Management has to protect the interest of all concerned parties, creditors, owners
and others. They have to ensure some minimum operating efficiency and keep the
risk of the firm at a minimum level. Their survival depends upon their operating
performance. From time to time, management uses ratio analysis to determine the
firm’s financial strengths and weakness, and accordingly takes actions to improve the
firm’s position. Management is in a better position to analyse the firm’s financial
position as it has access to internal information, which is not available to the credit
analyst or the security analyst.
The essence of the financial soundness of a company lies in balancing its goals,
commercial strategy, product-marketing choices and resultant financial needs. The
company should have financial capability and flexibility to pursue its commercial
strategy. Ratio analysis is a very useful analytical technique to raise pertinent
questions on a number of managerial issues. It provides bases or clues to investigate
such issues in detail. While assessing the financial health of the company with the
help of ratio analysis, answers to the following questions may be sought:
1. How profitable is the company? What accounting polices and practices are
followed by the company? Are they stable?

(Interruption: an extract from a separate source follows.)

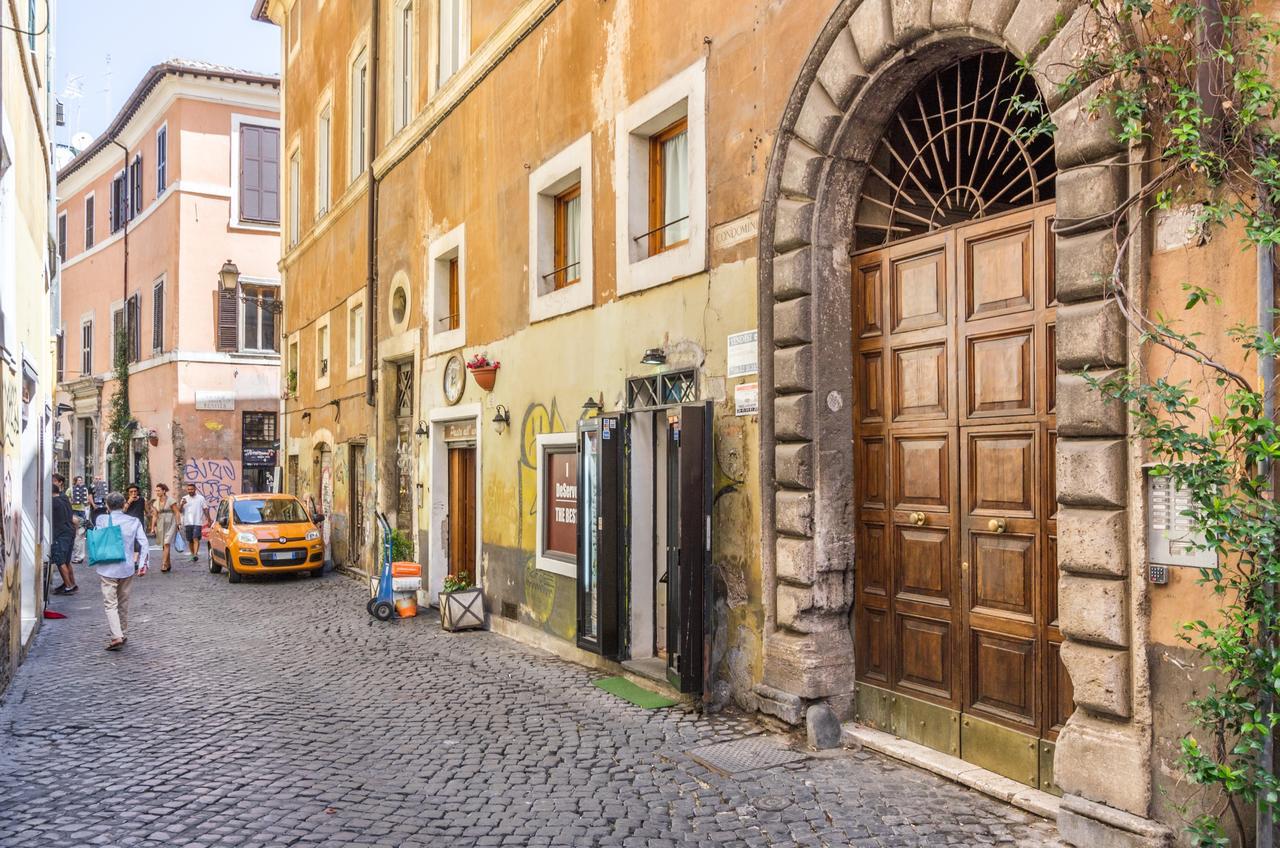Enjoy Your Stay - Trastevere Apt Roma Exterior foto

2. Is the profitability (RONA) of the company high/low/average? Is it due to:
a. Profit margin
b. Asset utilization
c. Non-operating income
d. Window dressing
e. Change in accounting policy
f. Inflationary condition?
3. Is the return on equity (ROE) high/low/average? Is it due to:
a. Return on investment
b. Financing mix
c. Capitalization of reserves?
4. What is the trend in profitability? Is it improving because of better utilization
of resources or curtailment of expenses of strategic importance?
What is the impact of cyclical factors on profitability trends?
5. Can the company sustain its impressive profitability or improve its profitability
given the competitive and other environment situation?
6. How effectively does company utilize its assets in generating sales?